After sojourning four months in England, Ewald accepted a call to Tübingen, where he worked until 1848 as professor, first in the philosophical, subsequently in the theological faculty. His productive activity during this period was confined mainly to the Biblical sciences. Among other works he issued Die Propheten des Alten Bundes (2 vols., Stuttgart, 1840-41; Eng. transl., 5 vols., London, 1875-81); Geschichte des Volkes Israel (7 vols., Göttingen, 1843-59; Eng. transl., of vols. i.-iv., 5 vols., London, 1867-74), a work of permanent value on account of its careful use of the sources. His dismissal from Göttingen having been hailed as an event of political consequence, Ewald unfortunately felt himself prompted to publish impassioned polemical writings, which embittered him personally, and drove him to a morbidly exaggerated estimation of himself. His irritability also injured him with his Tübingen colleagues, among whom he especially antagonized F. C. Baur, with both spoken and written vehemence.

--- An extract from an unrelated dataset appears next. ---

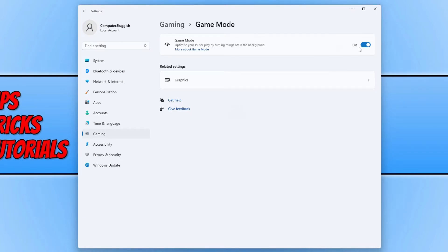As you can see, mine is currently turned on. However, if you'd like to disable game mode, you can simply toggle this to off.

In 1848 Ewald, at his own request, was reinstated at Göttingen. From this time forth he labored particularly upon the New Testament writings, in express opposition to Baur and Strauss. He occupied himself especially with pseudepigraphy, proceeding from foundations laid by his earlier investigations. His comprehensive scholarship is faithfully reflected in his Jahrbücher der biblischen Wissenschaft (12 vols., Göttingen, 1849-65). Unhappily his sensitiveness and testiness continually increased. He interfered in every event of state and church life, and published his views thereon in prefaces and postscripts to his books. He had taken part in founding the Protestant Union (q.v.) in 1863; nevertheless he subsequently withdrew from the same, on failing to carry through a manifesto that he had planned against the Prussian government. His sharp expressions of opinion in political affairs had already brought him into repeated conflict with the government. When in 1867 he refused the oath of allegiance to the king of Prussia, his removal from the philosophical faculty was effected by a ministerial rescript. Through subsequent utterances he also forfeited, in 1868, the right of delivering lectures. From 1869 he represented, in the Imperial Diet, the capital city of Hanover. Not even the victories of German arms in 1870-71, and the restoration of the Empire, prevailed to efface his bitterness in the political domain. Yet with all this he continued a diligent laborious scholar, and still published extensive works; in particular, Die Bücher des Neuen Bundes übersetzt und erkärt (Göttingen, 1871-72), and Die Theologie des Alten und Neuen Bundes (4 vols., Leipsic, 1871-1876). The latter work contains--with rather tedious exposition, it is true--his aggregate view of Biblical religion.